However, once I made up my mind in my heart and mind to divorce him that changed. I filed very quickly after I informed him I wanted a divorce and the legal proceedings were merely a formality. I did not and have not dated anyone since then but it's only because the opportunity hasn't come up. Had it come up once I'd gone and moved forward on the divorce proceedings I would've gone ahead and done so. 

I don't want another committed relationship at this time. Unlike many, I'm not lonely and don't require another person in my life. I have friends, my kids, hobbies and enjoy my time alone. My plate is full. But if I were to meet the right person then I'd be into dating and I don't fault anyone who feels ready and wants to do so at the same point in their lives. 

I'm already divorced but I'm a rarity. My divorce took less than 3 months and cost less than $300. Most of my girlfriends now and the people I meet who are going through it are counting off the the time not in months but in YEARS and are spending thousands of dollars in legal fees with no end in sight. I know people who filed 3 years ago and are still not close to being divorced. 

Are you going to tell me that you should wait YEARS after filing to move forward with your life and become a happy and fulfilled person? That's ridiculous. IMO, once the die is cast then it's done but everyone has their own path to take. What's not good is for someone to impose their own values on someone else because everyone's situation is their own and only they can best judge what course of action to take with regards to their life. 

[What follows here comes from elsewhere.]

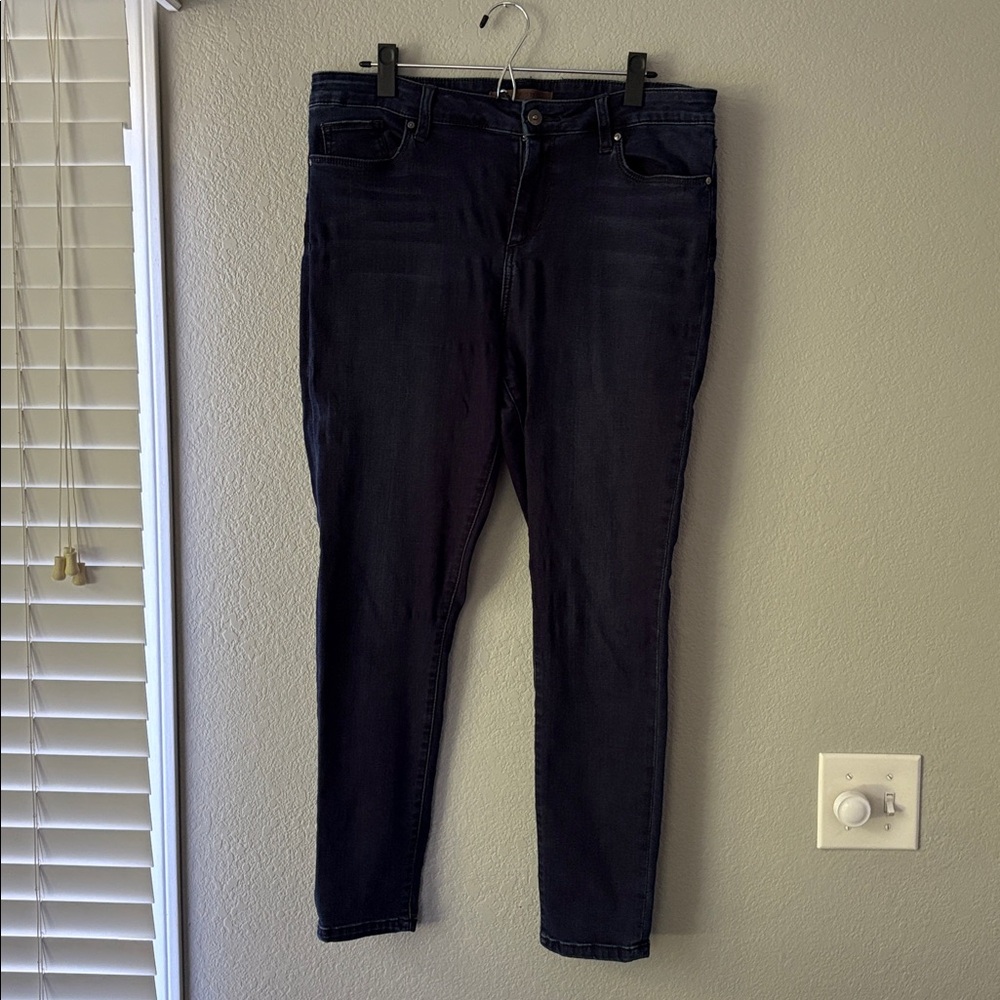 Joe's Jeans Deep Indigo Denim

BTW, I have had MANY male friends over the years, remained faithful to my husband and my conscience is clear. It is very possible to rise above one's base instincts and act in a moral and correct manner. It's one of the things that sets us as human beings apart from animals. 

I also see nothing wrong with how the OP has conducted herself. If I understand this all correctly SHE was the one who was cheated on. Why is SHE being condemned for simply wanting the friendship and emotional support of an old friend? :scratchhead: To me that's a VERY human and understandable response. When you are hurting, you look to those you care about for support and friendship. Her actions and feelings make complete sense to me and are separate from what's happening with her divorce. 

Her marriage is done and over with in everything but the legal degree. She's trying to move on and the last thing she should be is condemned for trying to reconnect with an old friend. I've been doing the EXACT same thing myself and find it very gratifying to have both my old and new friends here for support and companionship. No one should be denied that or condemned for desiring and seeking it.


----------



## Freak On a Leash

nosmallchoice said:


> This is what I am telling myself in an attempt to own up to what I did and recognize that he'll most likely be very understanding.
> 
> I was understanding at point in time that he had an outburst with me. Gave him his space, let him sort himself, and he came back around not only with an apology, but explanation as well. I am hoping we're a strong enough friendship that he'll extend me the same courtesy.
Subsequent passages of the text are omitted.